19. I have no desire, in making this protest, to compare the
conduct of Mr. Hare with that of any of the other officers in
charge of the North-Eastern district during the Kelly outlawry;
they have been dealt with in the Report of the Commission, in my
opinion, without any more censure than they deserve; and I am,
therefore, more at a loss to understand why Mr. Hare should have
met with such treatment at their hands.
E. J. DIXON.
12th October 1881.
PROTEST B
We must decline signing clauses 3 and 5. We should have
preferred that the motion recommending Mr. Nicolson's
superannuation had not been accompanied by the statement that
“the want of unanimity existing between these officers, ie. Mr.
Nicolson and Mr. Hare, was frequently the means of preventing
concerted action on important occasions, and the interests of
the colony greatly suffered thereby,” inasmuch as we do not
consider that the latter statement is borne out by the evidence,
and a resolution to that effect was moved in the course of the
deliberations on the report. Nor do we see anything in the
evidence to warrant the recommendation that Mr. Hare should be
superannuated.
JAMES GIBB.
GEORGE COLLINS LEVEY.
REPLY TO MR. DIXON'S PROTEST
1. We, the undersigned Commissioners, in submitting a reply to
the statement put forward in the form of a protest by Mr.
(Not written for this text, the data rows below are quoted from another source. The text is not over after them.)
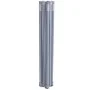 Carpa pleglable Pop-Up gris antracita 3x3 m de vidaXL, Carpas y cenadores - Ref: Foro24-44963, Precio: 98,69 €, Descuento: %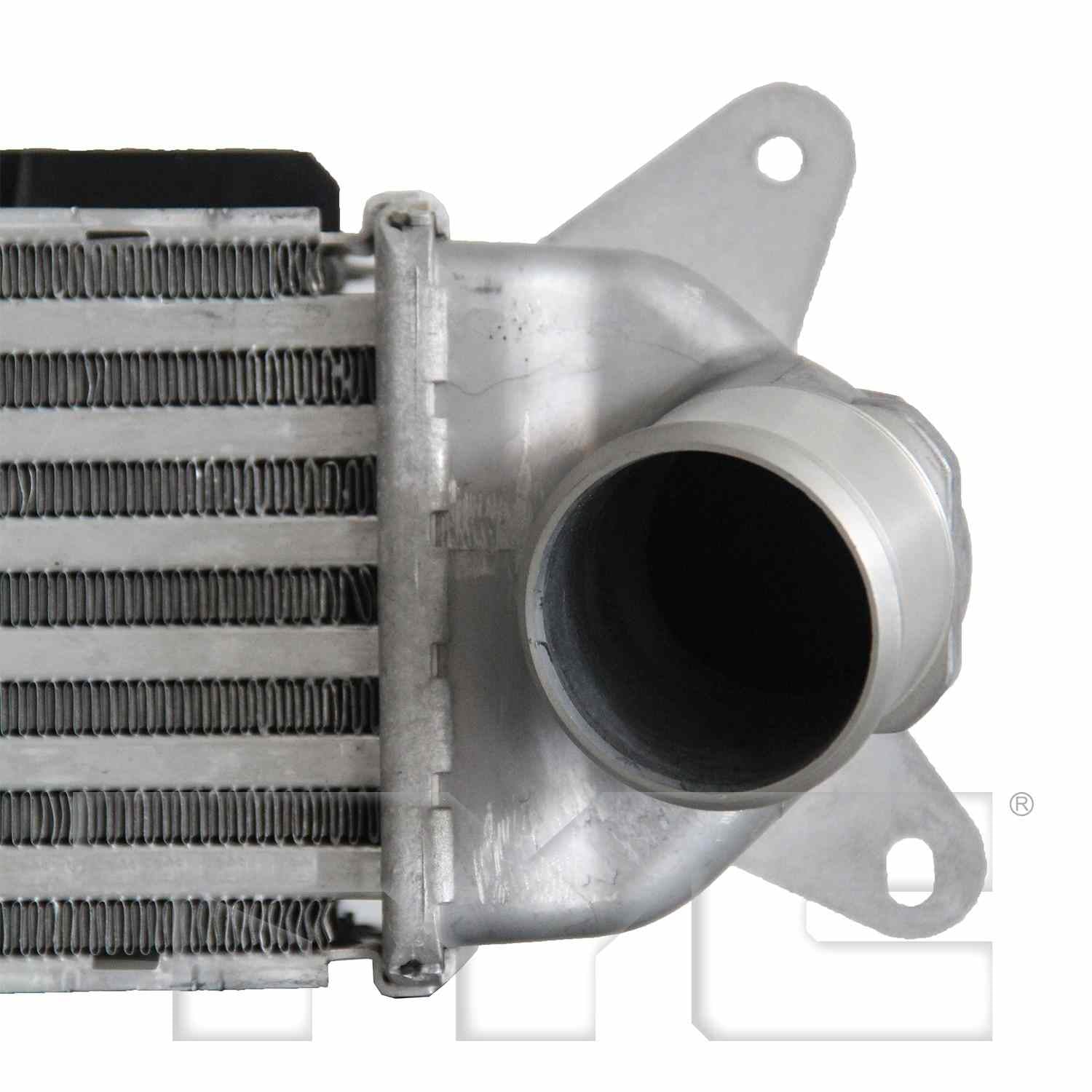 TYC Intercooler 18122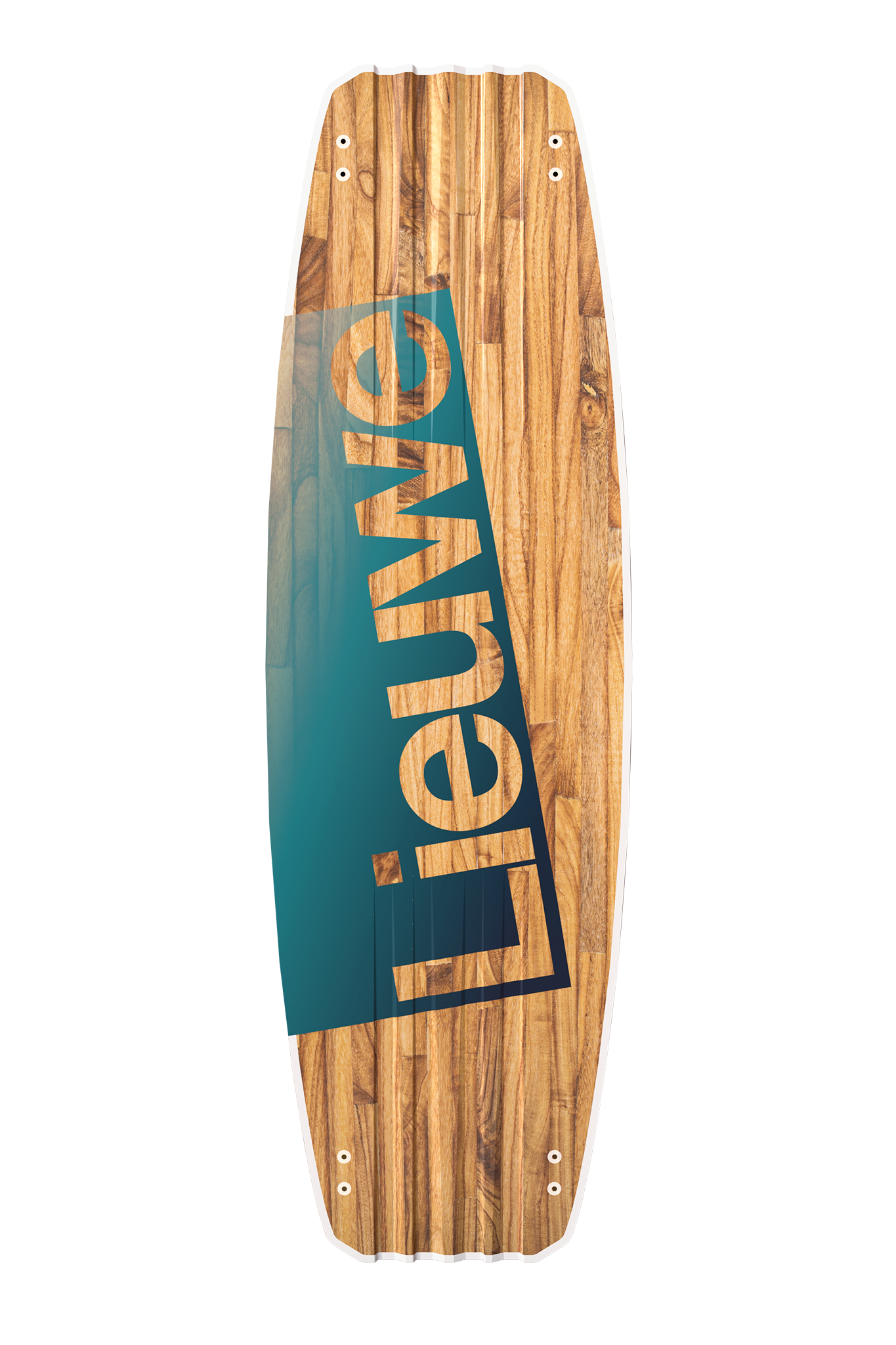 2026 Lieuwe Shotgun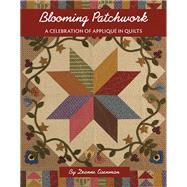 Blooming Patchwork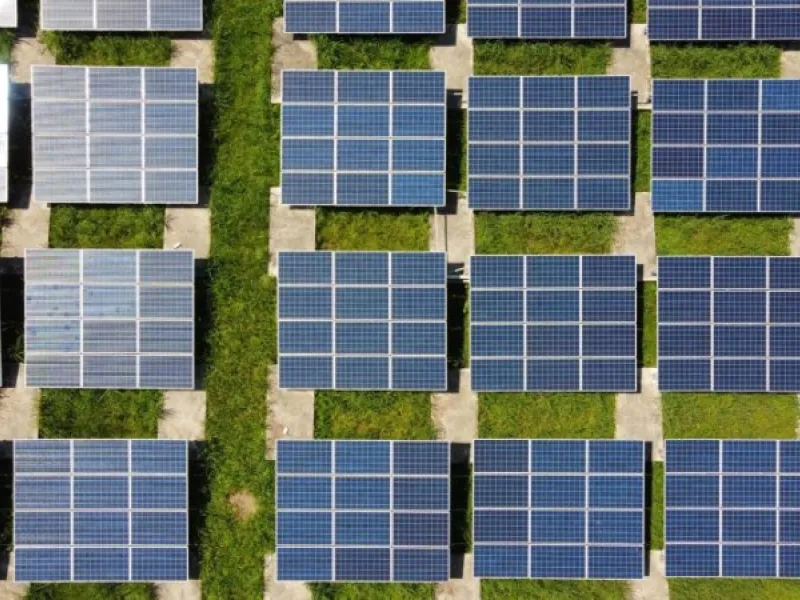 Piešķir papildu finansējumu atjaunojamo energoresursu iekārtu uzstādīšanai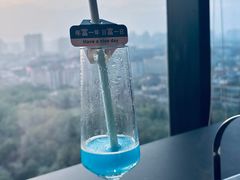 -烛影拾光观景餐厅·创意菜·摄影·小提琴(大唐不夜城店)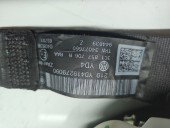 Centura dreapta fata Volkswagen Passat CC (357) [Fabr 2008-2012] 3C1857706R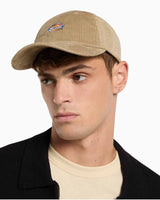 Hardwick Cord Baseball Cap
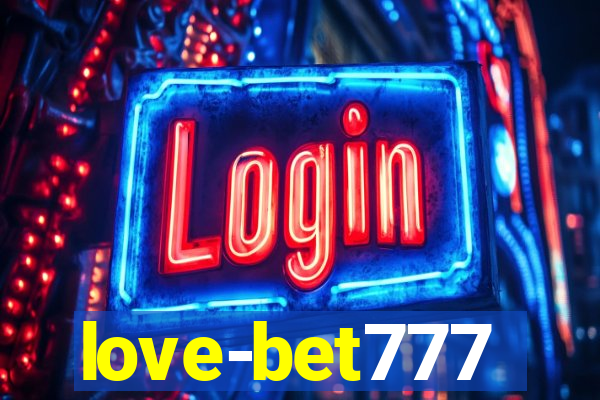 love-bet777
Dixon,
cannot refrain from expressing our surprise and regret that the
document in question should be found a mere paraphrase of
portions of Superintendent Hare's official report, which has
been the source of so much mischief, and which we have no
hesitation in declaring to be, in its essential features, a mere
tissue of egotism and misrepresentation.
2. Your Commissioners have no desire to question Mr. Hare's
personal courage or determination; the decision arrived at
respecting this officer, we contend, has been based upon much
more important considerations, namely, those of public
expediency and the interest of the service.
3. Before proceeding to traverse the allegations contained in
the official report and reproduced in the protest, we feel it
incumbent upon us to make some reference to Superintendent
Hare's conduct in connection with the present demoralized state
of the police force of the colony.
4. There seems every reason to believe that Superintendent Hare
was throughout in direct collusion with Captain Standish in the
petty and dishonorable persecution to which Mr. Nicolson was
subjected for many years while endeavoring honestly to discharge
his duties to the best of his ability. Superintendent Hare
admits that the late Chief Commissioner consulted him upon
everything; one of the witnesses declared that Superintendent
Hare was regarded as the actual head of the force; under such
circumstances, how can Superintendent Hare be exonerated from
all responsibility for the strained relations that existed
amongst the officers?
5. Captain Standish characterized Mr. Nicolson's reports as
twaddle; Superintendent Hare described them as infernal bosh.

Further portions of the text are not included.